You understand my point?

Samuel R. Bagenstos:

I do.

John G. Roberts, Jr.:

As a practical matter, it would be -- could well be in the child's and parents' interest to proceed along two tracks because it makes it much more likely, even if what all they really want, they don't care about the money.

They really care about education for their child.

Samuel R. Bagenstos:

But I think the point about that -- I think that is right about a lot of practical issues here.

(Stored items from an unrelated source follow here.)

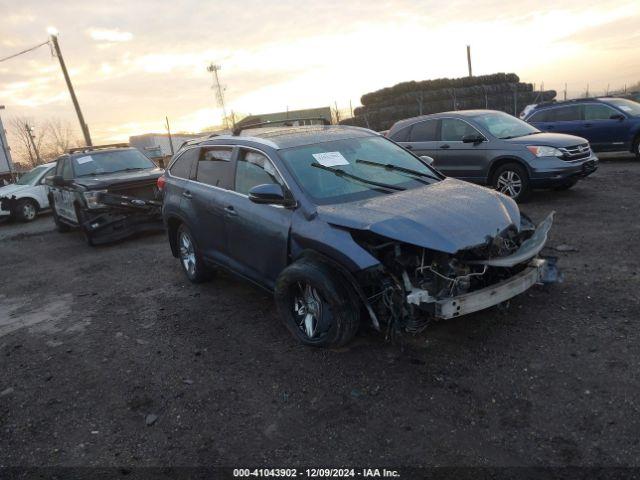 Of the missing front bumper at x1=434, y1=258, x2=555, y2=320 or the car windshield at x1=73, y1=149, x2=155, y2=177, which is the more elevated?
the car windshield at x1=73, y1=149, x2=155, y2=177

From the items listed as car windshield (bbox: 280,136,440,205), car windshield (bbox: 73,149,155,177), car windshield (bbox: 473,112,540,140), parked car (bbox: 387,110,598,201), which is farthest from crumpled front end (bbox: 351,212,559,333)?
car windshield (bbox: 73,149,155,177)

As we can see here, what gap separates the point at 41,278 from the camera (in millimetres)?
7539

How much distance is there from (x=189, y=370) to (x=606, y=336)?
3292 millimetres

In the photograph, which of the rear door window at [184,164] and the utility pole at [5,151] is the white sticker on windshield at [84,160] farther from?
the utility pole at [5,151]

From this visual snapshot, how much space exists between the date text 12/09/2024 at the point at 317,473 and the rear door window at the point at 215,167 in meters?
2.93

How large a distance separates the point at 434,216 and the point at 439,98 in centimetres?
2227

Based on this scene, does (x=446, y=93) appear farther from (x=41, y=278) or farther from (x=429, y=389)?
(x=429, y=389)

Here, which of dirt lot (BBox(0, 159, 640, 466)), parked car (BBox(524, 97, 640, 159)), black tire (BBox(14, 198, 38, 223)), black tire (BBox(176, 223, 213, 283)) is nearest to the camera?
dirt lot (BBox(0, 159, 640, 466))

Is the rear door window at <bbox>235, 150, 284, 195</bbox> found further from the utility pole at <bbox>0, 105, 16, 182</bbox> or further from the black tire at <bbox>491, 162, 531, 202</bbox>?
the utility pole at <bbox>0, 105, 16, 182</bbox>

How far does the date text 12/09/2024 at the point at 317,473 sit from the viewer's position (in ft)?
8.76

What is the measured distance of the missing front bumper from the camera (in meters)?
3.32

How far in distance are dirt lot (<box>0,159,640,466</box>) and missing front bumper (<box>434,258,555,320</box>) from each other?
442 millimetres

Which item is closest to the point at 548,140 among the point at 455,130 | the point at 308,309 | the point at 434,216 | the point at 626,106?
the point at 455,130

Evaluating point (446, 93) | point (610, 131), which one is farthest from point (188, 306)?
point (446, 93)
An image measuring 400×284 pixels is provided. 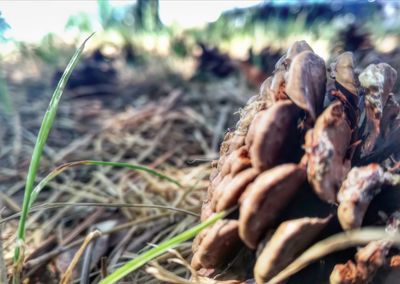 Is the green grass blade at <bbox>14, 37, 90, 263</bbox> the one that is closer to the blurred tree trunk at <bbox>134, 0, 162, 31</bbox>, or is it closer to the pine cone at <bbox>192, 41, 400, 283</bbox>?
the pine cone at <bbox>192, 41, 400, 283</bbox>

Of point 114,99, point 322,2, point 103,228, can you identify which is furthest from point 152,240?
point 322,2

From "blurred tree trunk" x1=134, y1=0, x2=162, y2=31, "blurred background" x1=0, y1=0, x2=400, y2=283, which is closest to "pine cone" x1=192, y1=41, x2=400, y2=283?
"blurred background" x1=0, y1=0, x2=400, y2=283

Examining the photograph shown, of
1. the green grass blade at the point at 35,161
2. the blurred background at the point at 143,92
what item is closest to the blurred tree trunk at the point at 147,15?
the blurred background at the point at 143,92

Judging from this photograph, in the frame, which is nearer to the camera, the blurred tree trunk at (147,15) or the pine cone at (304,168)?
the pine cone at (304,168)

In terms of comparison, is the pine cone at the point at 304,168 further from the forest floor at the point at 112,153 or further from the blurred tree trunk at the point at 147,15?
the blurred tree trunk at the point at 147,15

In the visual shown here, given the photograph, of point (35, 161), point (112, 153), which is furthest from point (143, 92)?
point (35, 161)

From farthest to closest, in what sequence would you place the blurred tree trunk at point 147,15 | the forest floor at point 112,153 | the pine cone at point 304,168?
the blurred tree trunk at point 147,15
the forest floor at point 112,153
the pine cone at point 304,168

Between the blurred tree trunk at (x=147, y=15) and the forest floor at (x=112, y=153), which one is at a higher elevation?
the blurred tree trunk at (x=147, y=15) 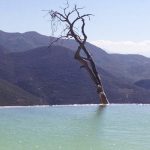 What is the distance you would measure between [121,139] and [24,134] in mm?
1686

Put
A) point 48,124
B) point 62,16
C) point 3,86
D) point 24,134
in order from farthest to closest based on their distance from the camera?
point 3,86 → point 62,16 → point 48,124 → point 24,134

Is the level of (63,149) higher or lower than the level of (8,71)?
higher

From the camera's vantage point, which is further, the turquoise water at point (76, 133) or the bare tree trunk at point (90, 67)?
the bare tree trunk at point (90, 67)

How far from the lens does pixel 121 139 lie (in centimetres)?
707

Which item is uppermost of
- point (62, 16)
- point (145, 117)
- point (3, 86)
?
point (62, 16)

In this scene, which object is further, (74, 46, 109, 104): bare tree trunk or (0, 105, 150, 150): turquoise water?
(74, 46, 109, 104): bare tree trunk

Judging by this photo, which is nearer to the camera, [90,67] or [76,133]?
[76,133]

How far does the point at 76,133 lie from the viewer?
7621 mm

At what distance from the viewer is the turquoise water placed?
6512 millimetres

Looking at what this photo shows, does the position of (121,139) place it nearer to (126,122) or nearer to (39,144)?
(39,144)

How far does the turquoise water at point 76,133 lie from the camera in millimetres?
6512

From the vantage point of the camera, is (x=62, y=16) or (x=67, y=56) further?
(x=67, y=56)

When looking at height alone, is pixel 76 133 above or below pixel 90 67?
above

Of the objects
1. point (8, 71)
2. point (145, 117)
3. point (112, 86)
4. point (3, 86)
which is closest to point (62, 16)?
point (145, 117) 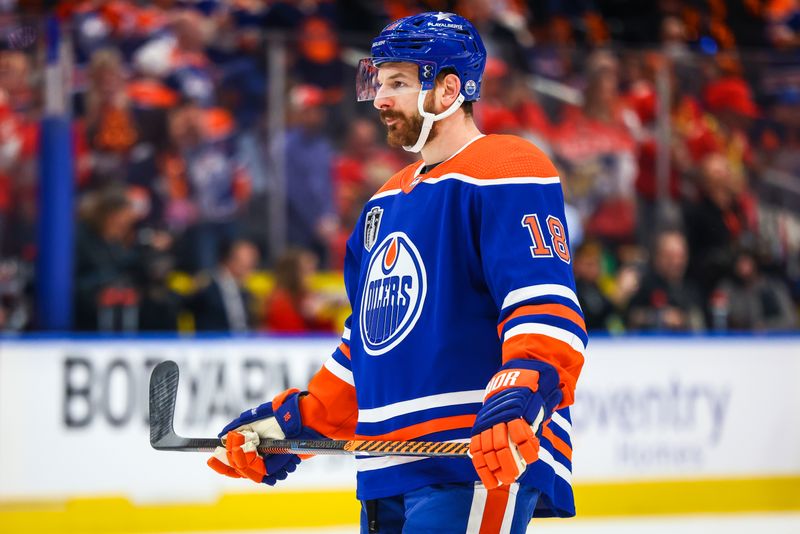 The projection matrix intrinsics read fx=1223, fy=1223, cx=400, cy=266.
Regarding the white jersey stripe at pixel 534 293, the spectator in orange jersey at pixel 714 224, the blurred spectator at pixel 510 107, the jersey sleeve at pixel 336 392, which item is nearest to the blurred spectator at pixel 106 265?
the blurred spectator at pixel 510 107

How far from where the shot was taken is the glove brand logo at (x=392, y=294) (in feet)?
6.85

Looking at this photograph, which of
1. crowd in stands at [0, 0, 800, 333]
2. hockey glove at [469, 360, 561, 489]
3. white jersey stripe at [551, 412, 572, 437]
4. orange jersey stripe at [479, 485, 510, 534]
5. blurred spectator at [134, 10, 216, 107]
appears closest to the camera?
hockey glove at [469, 360, 561, 489]

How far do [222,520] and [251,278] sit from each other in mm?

The crucial point there is that exhaustion does not change the leverage that the plaintiffs have here, right? So even under the Sixth Circuit's rule, the plaintiffs, our clients, could have exhausted IDEA proceedings, said at the time we filed an IDEA administrative complaint, by the way, school district, we are also going to sue you under the ADA and Rehabilitation Act for damages.

John G. Roberts, Jr.:

Later on, once we are done with this.

Samuel R. Bagenstos:

Once we are done with this. And --

John G. Roberts, Jr.:

I think one of the important things in this type of proceeding is timing, right? I mean, we are talking about a school year, and all this takes time.

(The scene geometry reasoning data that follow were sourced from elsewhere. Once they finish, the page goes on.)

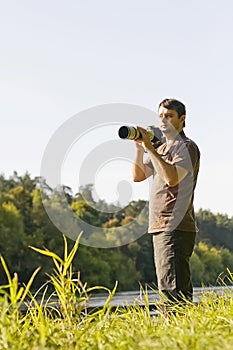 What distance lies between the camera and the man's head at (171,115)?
360 centimetres

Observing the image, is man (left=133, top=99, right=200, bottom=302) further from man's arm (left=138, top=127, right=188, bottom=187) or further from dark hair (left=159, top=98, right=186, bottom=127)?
dark hair (left=159, top=98, right=186, bottom=127)

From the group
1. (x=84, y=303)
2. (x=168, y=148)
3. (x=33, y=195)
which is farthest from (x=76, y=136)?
(x=33, y=195)

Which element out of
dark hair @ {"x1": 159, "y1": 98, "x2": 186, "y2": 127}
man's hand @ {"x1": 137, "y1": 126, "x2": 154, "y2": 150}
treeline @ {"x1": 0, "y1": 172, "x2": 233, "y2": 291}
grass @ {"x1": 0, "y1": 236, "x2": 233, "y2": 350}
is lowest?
grass @ {"x1": 0, "y1": 236, "x2": 233, "y2": 350}

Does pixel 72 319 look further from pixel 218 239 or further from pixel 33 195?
pixel 218 239

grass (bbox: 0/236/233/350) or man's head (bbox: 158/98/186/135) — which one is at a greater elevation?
man's head (bbox: 158/98/186/135)

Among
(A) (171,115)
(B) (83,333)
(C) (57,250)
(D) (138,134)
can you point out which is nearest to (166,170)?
(D) (138,134)

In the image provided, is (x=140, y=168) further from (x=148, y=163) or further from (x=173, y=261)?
(x=173, y=261)

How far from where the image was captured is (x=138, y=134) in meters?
3.52

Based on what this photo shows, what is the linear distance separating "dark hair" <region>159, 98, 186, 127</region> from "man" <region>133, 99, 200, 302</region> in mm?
147

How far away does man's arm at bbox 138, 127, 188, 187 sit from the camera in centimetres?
334

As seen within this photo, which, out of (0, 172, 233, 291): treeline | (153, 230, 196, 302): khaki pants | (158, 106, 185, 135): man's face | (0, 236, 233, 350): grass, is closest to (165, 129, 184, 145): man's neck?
(158, 106, 185, 135): man's face

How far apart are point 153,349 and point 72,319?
1.52ft

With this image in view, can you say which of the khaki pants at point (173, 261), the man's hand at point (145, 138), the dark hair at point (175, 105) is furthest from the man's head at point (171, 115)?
the khaki pants at point (173, 261)

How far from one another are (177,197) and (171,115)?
443mm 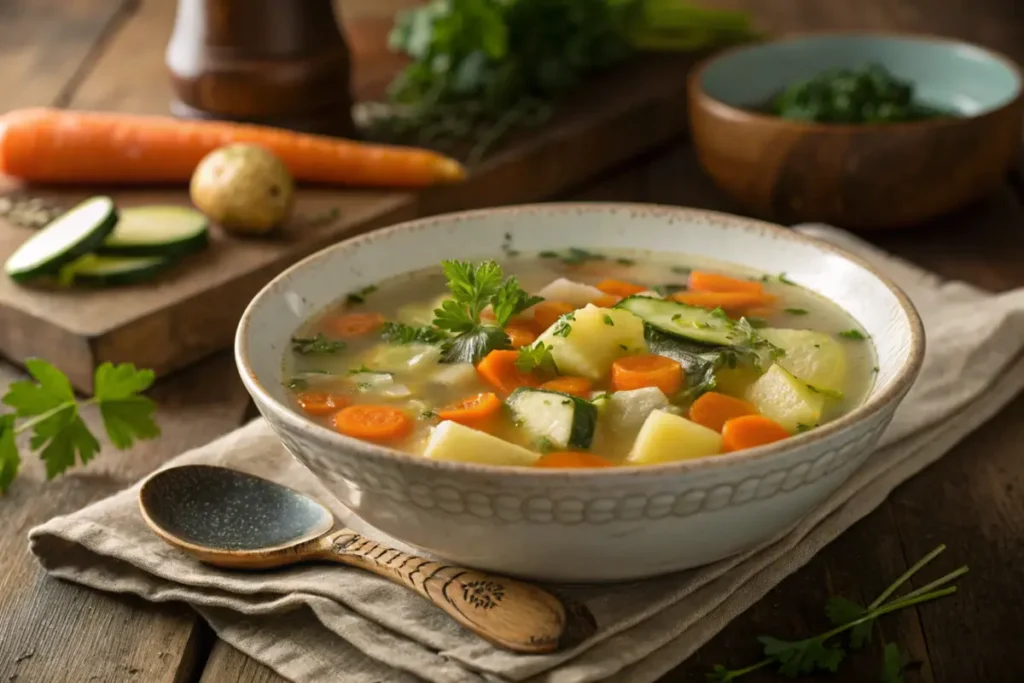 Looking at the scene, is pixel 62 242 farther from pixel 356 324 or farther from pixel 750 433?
pixel 750 433

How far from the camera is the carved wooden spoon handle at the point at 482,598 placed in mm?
1924

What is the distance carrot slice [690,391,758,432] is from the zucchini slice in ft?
0.55

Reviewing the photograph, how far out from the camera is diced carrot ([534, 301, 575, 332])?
2527mm

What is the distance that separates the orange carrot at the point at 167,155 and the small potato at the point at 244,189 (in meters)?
0.34

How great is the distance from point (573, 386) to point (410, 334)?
0.41m

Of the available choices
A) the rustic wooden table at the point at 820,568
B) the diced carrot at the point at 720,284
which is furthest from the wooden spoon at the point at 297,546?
the diced carrot at the point at 720,284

So the idea that well, when all this ends, you know, who knows, I mean, it gathers a debate about how quickly these things are resolved, then we might bring this.

But if you do it at the same time, that gives you the leverage when you need it to get the accomodation in place that you want for the child.

Samuel R. Bagenstos:

Well, Your Honor, I think there are obviously a lot of variables.

I think a lot of defense lawyers would certainly say being threatened with long, drawn-out proceedings at the end of which is a damages award is pretty significant leverage as well. And I think the point is that time also works both ways here, right? One of the things that Congress was trying to do in the HCPA was recognize that the ADA and Rehabilitation Act in 1983 are independent, and requiring parents to first proceed through what are likely to be time-consuming proceedings under a separate statute, the IDEA, that can't give them the relief that they are seeking under those independent statutes.

Anthony M. Kennedy:

But your whole point again is it depends on what's in the complaint.

And the statute says that before a filing of a civil action, you have to exhaust.